Lésée à plusieurs reprises, Amal Hanna, une Egyptienne copte, se bat pour que l’héritage des chrétiennes cesse d’être régi par la loi islamique avantageant les hommes. Mais, malgré quelques victoires, ce combat se heurte encore à de multiples résistances dans son pays.
Depuis les années 1940, la loi islamique en matière d’héritage s’applique de manière indifférenciée aux citoyens musulmans comme aux chrétiens coptes, qui représentent 10 à 15% d’une population égyptienne de 100 millions d’habitants.
Cette loi indique que les hommes héritent du double de la part d’une femme, tandis que l’orthodoxie prévoit elle l’égalité dans l’héritage. Et, en Egypte, la perspective d’octroyer un statut spécial aux coptes suscite la crainte d’une demande élargie aux musulmanes.
Amal Hanna a été lésée une première fois il y a 20 ans lorsque son frère a obtenu le double de sa part dans la propriété parentale. Puis, une seconde fois, après le décès de sa tante, en 2019, quand un tribunal a attribué la totalité des biens à son frère.
« J’étais stupéfaite (…). Cela m’a vraiment affligée car mon frère et moi avons été élevés et traités en égaux », dit la comptable de 41 ans, qui a fait appel.
En novembre dernier, les Égyptiennes coptes ont vu leur combat revigoré après qu’une avocate, Hoda Nasrallah, a pu obtenir une part d’héritage égale à celle de ses frères.

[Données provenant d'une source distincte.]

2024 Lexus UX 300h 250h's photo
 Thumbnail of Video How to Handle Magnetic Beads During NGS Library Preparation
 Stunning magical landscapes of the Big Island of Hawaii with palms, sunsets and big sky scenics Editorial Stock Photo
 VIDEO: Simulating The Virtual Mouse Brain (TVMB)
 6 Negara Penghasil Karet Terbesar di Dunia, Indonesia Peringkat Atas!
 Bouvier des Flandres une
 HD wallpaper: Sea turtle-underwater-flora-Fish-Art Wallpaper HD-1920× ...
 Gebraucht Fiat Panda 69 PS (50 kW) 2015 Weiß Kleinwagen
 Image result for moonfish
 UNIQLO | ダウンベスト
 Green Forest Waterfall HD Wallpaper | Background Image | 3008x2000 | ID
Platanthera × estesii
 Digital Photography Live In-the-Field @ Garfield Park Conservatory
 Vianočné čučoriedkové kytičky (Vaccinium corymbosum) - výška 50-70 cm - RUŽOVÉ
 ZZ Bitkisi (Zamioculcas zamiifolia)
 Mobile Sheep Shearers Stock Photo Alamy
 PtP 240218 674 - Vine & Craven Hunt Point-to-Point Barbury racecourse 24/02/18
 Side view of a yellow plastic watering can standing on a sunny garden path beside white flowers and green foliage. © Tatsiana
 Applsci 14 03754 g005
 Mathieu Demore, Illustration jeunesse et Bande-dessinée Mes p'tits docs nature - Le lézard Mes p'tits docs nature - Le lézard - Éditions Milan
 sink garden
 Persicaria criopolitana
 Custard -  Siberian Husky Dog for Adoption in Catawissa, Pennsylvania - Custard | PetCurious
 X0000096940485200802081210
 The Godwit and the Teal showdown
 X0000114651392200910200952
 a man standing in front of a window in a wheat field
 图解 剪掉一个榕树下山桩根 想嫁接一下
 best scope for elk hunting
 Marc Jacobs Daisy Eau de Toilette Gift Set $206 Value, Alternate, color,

Un tribunal du Caire a donné gain de cause à Me Nasrallah, qui avait invoqué un article de la Constitution garantissant l’application des coutumes orthodoxes aux questions liées au statut des chrétiens. Si cette décision a eu un grand retentissement, elle n’était toutefois pas la première du genre.
En 2016, un tribunal avait déjà tranché en faveur d’une chrétienne qui réclamait la même part d’héritage que son frère.
Résistance
Mais alors que les coptes font l’objet de toutes sortes de discriminations, Elizabeth Monier, spécialiste de cette minorité à l’université de Cambridge (Grande-Bretagne), relève que ce combat fait face à une « résistance » en raison des « normes et pratiques anciennes, à la fois dans le système juridique et dans la société ».
Dans le cas de Me Nasrallah, l’avocate n’a obtenu gain de cause que plus d’un an après le décès de son père, même si elle avait préalablement trouvé un accord à l’amiable avec ses frères pour un partage équitable. Elle dit avoir uniquement porté son affaire en justice dans le but de faire jurisprudence, « en s’appuyant sur la Constitution ». Mais, selon l’avocate, « beaucoup de juges » « sont contre l’application de la loi chrétienne » pour les coptes, laissant tout jugement à la libre appréciation de chacun.
Pour Mme Monier, la justice égyptienne dans son ensemble résiste aussi à l’égalité des citoyens coptes dans l’héritage, parce qu’elle craint que les femmes musulmanes ne la demandent à leur tour.
Initiative tunisienne
Amal Hanna, qui a fait appel en se fondant sur la Constitution de 2014 et le verdict rendu en 2016, est convaincue du rejet de sa demande. Mais elle se dit déterminée à « aller jusqu’à la Cour constitutionnelle, s’il le faut ».
Dans ce combat, les avocats considèrent que l’absence d’un code du statut personnel pour les citoyens de confession chrétienne favorise la résistance des tribunaux.
« Il arrive que les hommes coptes encouragent l’application de la loi islamique car elle sert leurs intérêts », souligne l’avocat Atef Nazmi.
« La création d’un code du statut personnel pour les chrétiens est essentielle pour régler ces différends », estime-t-il.
A ce jour, faute de consensus entre les différentes églises chrétiennes, aucun projet de loi sur un code unifié du statut n’a été présenté au Parlement.
Selon Me Nazmi, cette discorde au sein de la chrétienté égyptienne est alimentée par le divorce -le très strict clergé copte applique des règles rigoureuses au divorce, qu’il n’autorise qu’en cas d’adultère ou de conversion à une autre religion.
En 2018, la proposition de l’ex-président tunisien Béji Caïd Essebsi d’instaurer l’égalité hommes-femmes dans l’héritage avait été vue d’un mauvais œil dans d’autres pays de la région. Acclamée par les laïcs et les féministes, la mesure avait notamment été sévèrement critiquée par la mosquée al-Azhar, grande institution de l’islam sunnite installée au Caire.
Malgré tout, Mme Monier demeure optimiste. « Des femmes coptes ont mené l’affaire en justice et ont eu gain de cause (…). C’est une étape de plus vers l’égalité », clame-t-elle.